▶ [EXERCISE]
Reproduce the entries that follow exactly. No picture should appear in the result.

▶ [Extracted records]
——

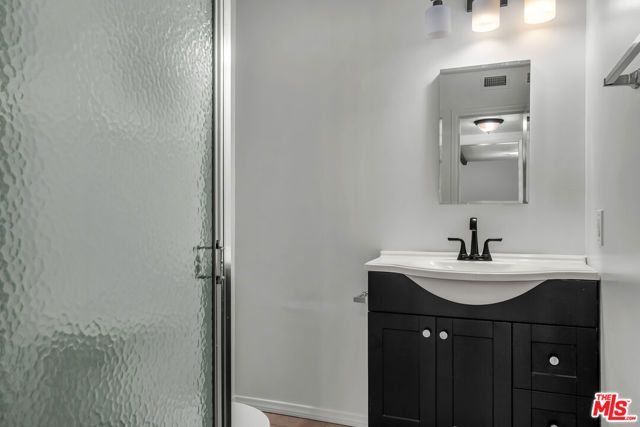 4076 Tropico Way, Los Angeles, CA 90065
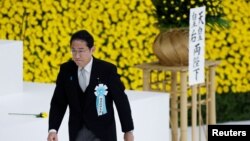 日本首相岸田文雄在东京出席纪念日本二战投降78周年仪式。(2023年8月15日)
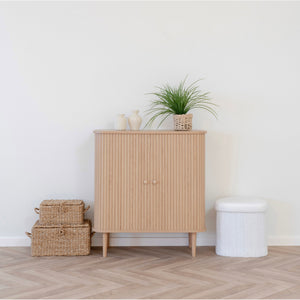 Naturfarget Nikko skjenk med to dører fra House Nordic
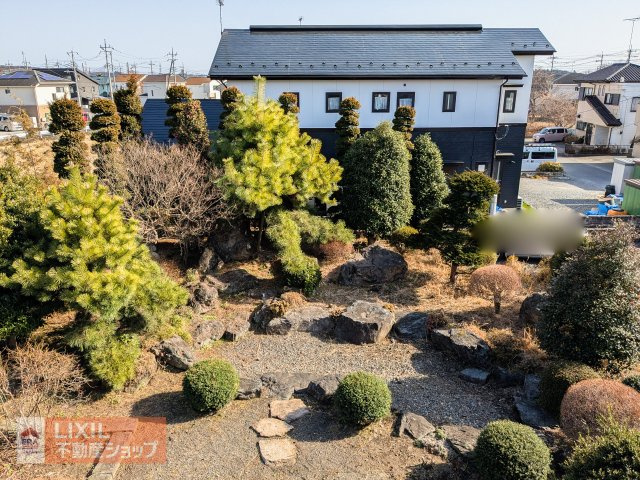 敷地の大半は日本庭園が広がっており、四季折々の表情を愉しむことができます。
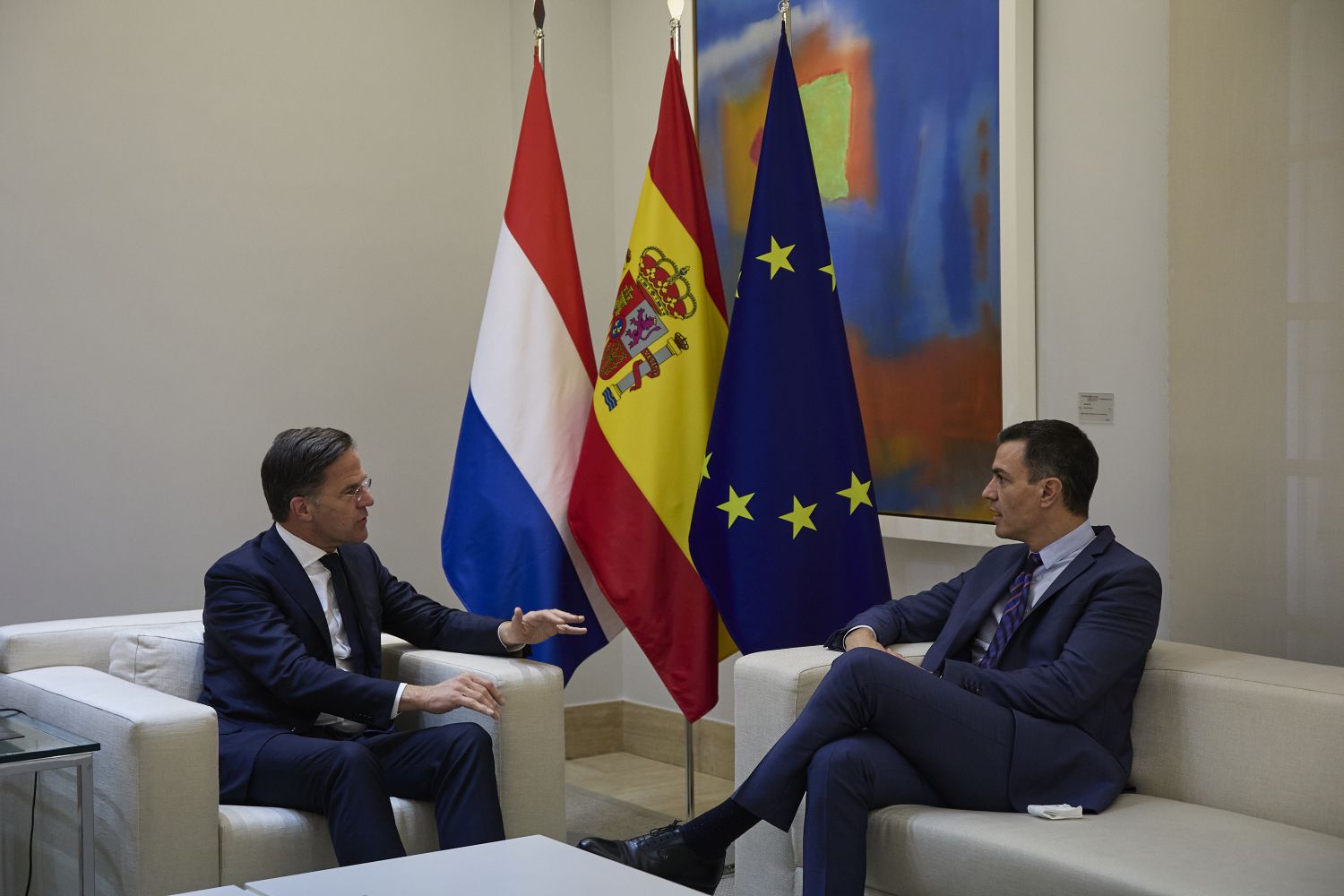 EuropaPress_4352349_presidente_gobierno_pedro_sanchez_conversa_junto_primer_ministro_paises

——

▶ [ANSWER SPACE]
 4076 Tropico Way, Los Angeles, CA 90065
 日本首相岸田文雄在东京出席纪念日本二战投降78周年仪式。(2023年8月15日)
 Naturfarget Nikko skjenk med to dører fra House Nordic
 敷地の大半は日本庭園が広がっており、四季折々の表情を愉しむことができます。
 EuropaPress_4352349_presidente_gobierno_pedro_sanchez_conversa_junto_primer_ministro_paises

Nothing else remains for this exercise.